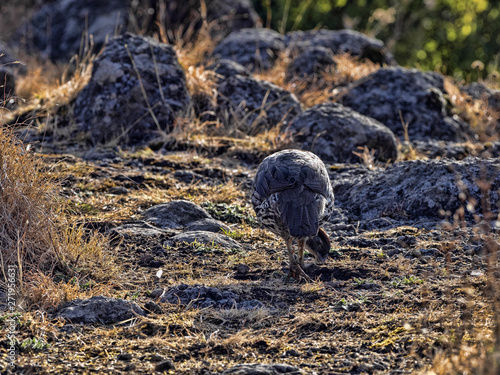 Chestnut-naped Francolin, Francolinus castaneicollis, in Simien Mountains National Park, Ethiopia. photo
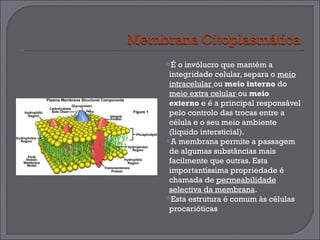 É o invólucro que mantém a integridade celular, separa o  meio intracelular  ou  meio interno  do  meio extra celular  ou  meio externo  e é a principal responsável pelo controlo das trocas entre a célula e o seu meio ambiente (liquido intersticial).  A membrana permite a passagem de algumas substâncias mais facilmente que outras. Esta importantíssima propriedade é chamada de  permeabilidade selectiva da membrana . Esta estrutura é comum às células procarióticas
────────
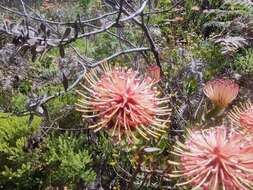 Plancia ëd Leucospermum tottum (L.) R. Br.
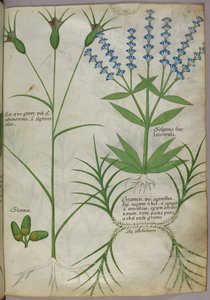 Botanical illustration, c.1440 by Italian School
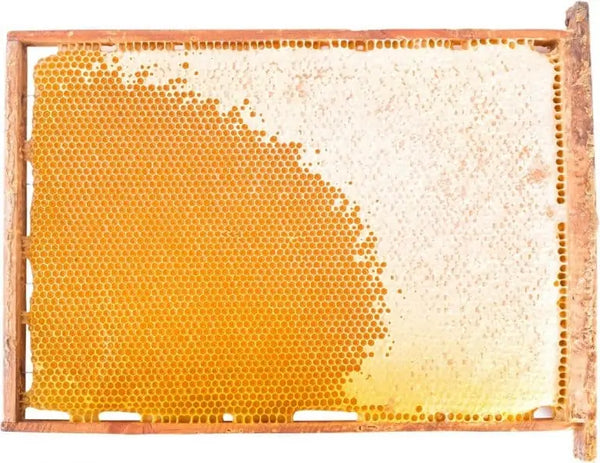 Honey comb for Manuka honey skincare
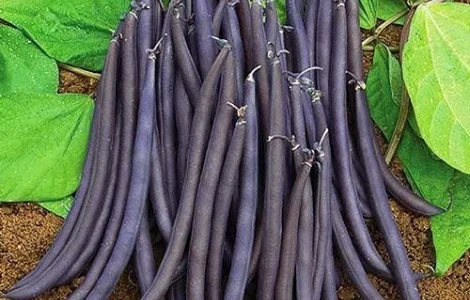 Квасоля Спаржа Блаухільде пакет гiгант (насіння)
────────
:: Brief ::
Using the records above, return word for word the lines that begin at the one containing "Honey comb for Manuka honey skincare" and end at the one containing "Квасоля Спаржа Блаухільде", both of them included and no pictures.

:: Exercise response ::
 Honey comb for Manuka honey skincare
 Квасоля Спаржа Блаухільде пакет гiгант (насіння)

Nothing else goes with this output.